**WORK TO COMPLETE:** Nothing but the lines from the start of the data through the line with "Living room with" should appear in the answer, each retyped exactly, and pictures should not.

**PROVIDED MATERIAL:**
···

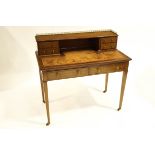 An Edwardian Hepplewhite revival inlaid mahogany leather top writing desk with tilted upstand,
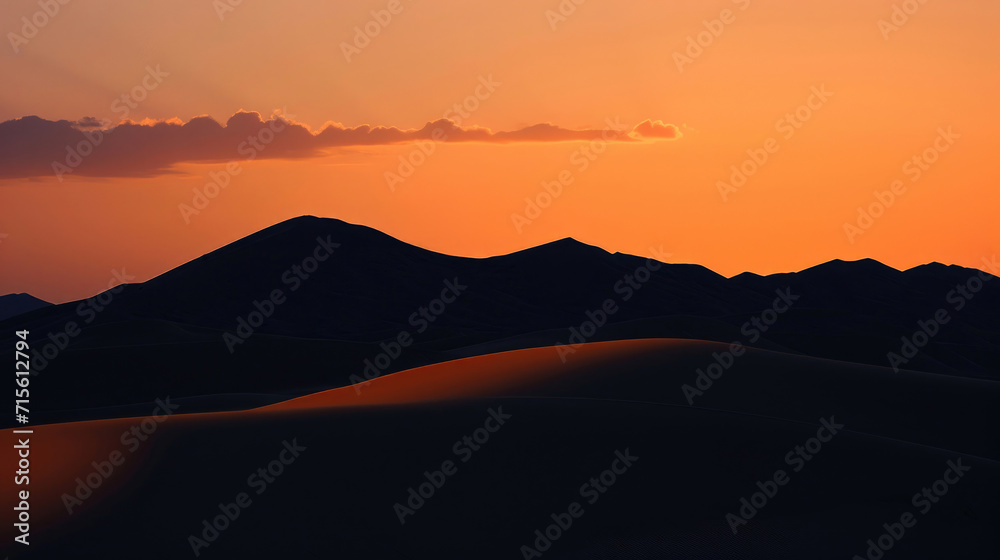 The majestic form of desert dunes against the twilight sky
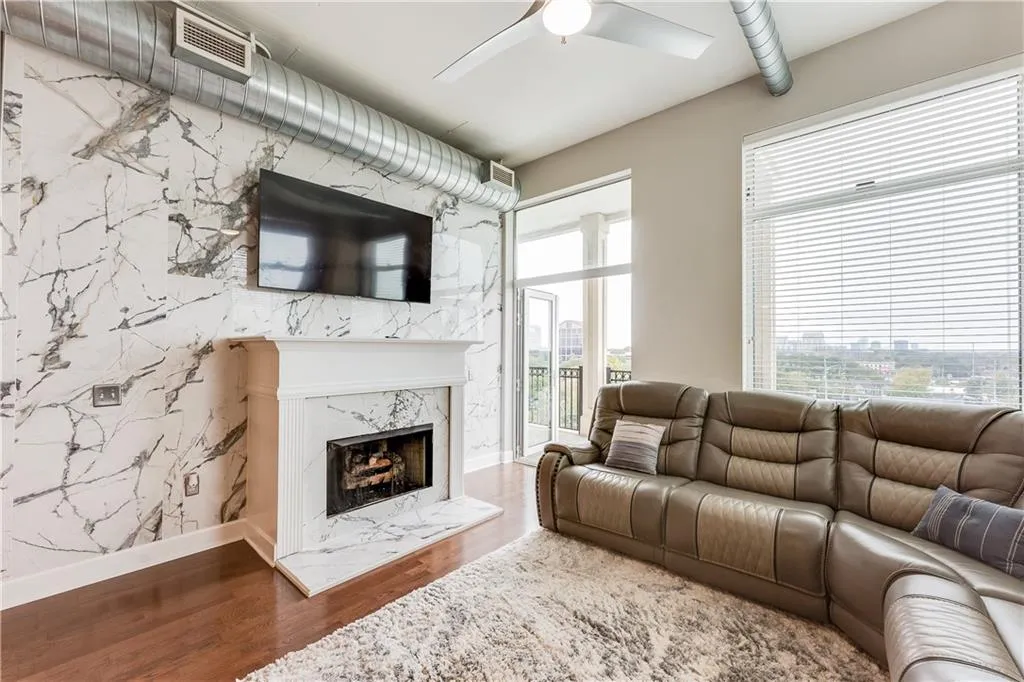 Living room with wood finished floors, baseboards, visible vents, a fireplace, and ceiling fan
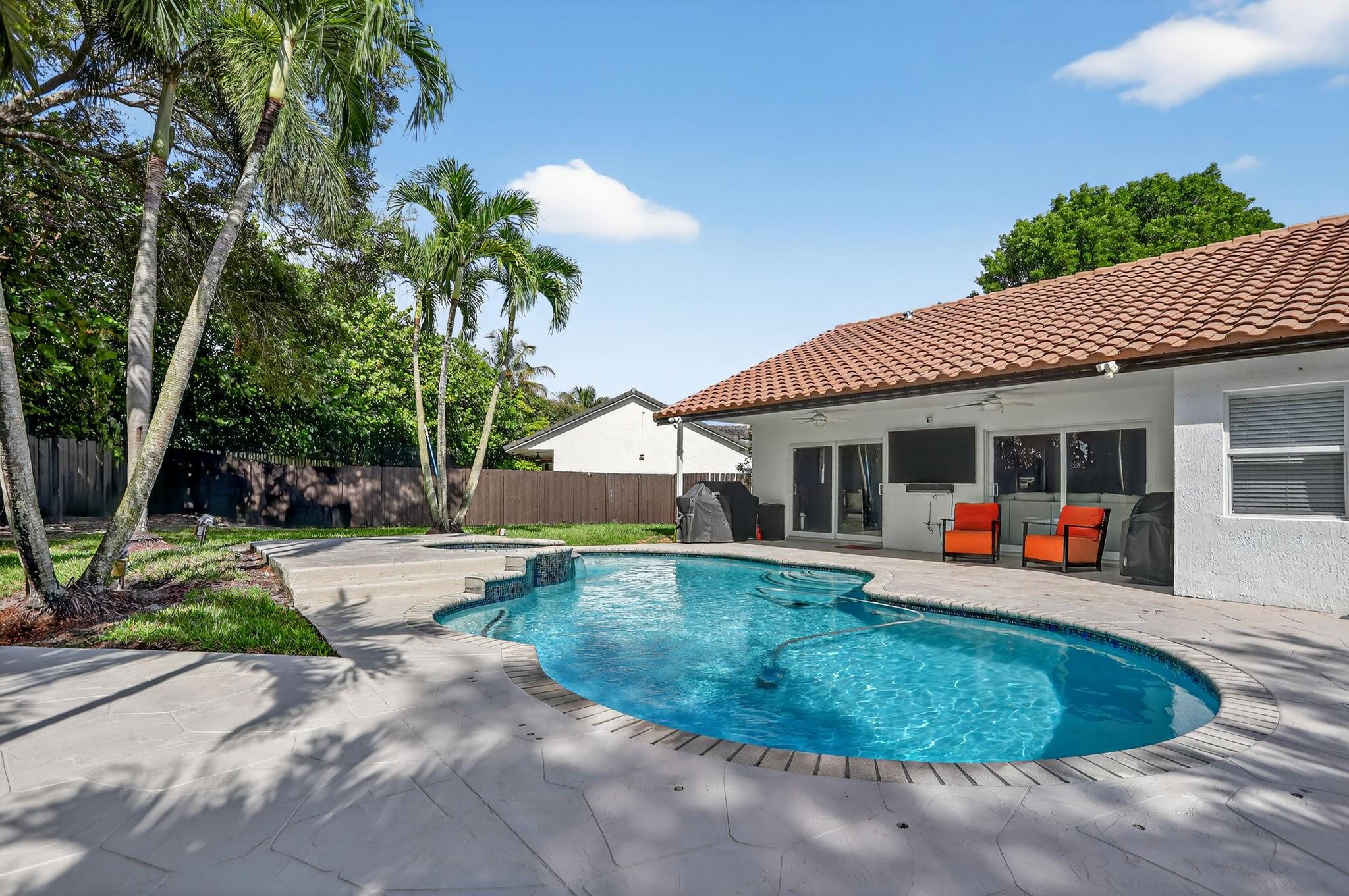 This meticulously maintained property features a spacious 15,263 sq ft lot with a fully fenced backyard, complete with established fruit and palm trees. The open floor plan boasts vaulted ceilings and freshly painted interiors with recessed lighting. Enjoy a spacious covered patio, perfect for entertaining by the pool and jacuzzi. The den, currently a fourth bedroom, can also serve as an office. The kitchen is equipped with a steel-less appliances, white cabinetry, granite countertops, and a stunning waterfall countertop. Both bathrooms feature contemporary designs and high-end finishes. The master suite includes impact windows and doors, and a walk-in closet. Additional highlights include new doors, baseboards, flooring, a newer AC and roof installed in 2016 and security cameras.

···

**RESPONSE TO THIS TASK:**
 An Edwardian Hepplewhite revival inlaid mahogany leather top writing desk with tilted upstand,
 The majestic form of desert dunes against the twilight sky
 Living room with wood finished floors, baseboards, visible vents, a fireplace, and ceiling fan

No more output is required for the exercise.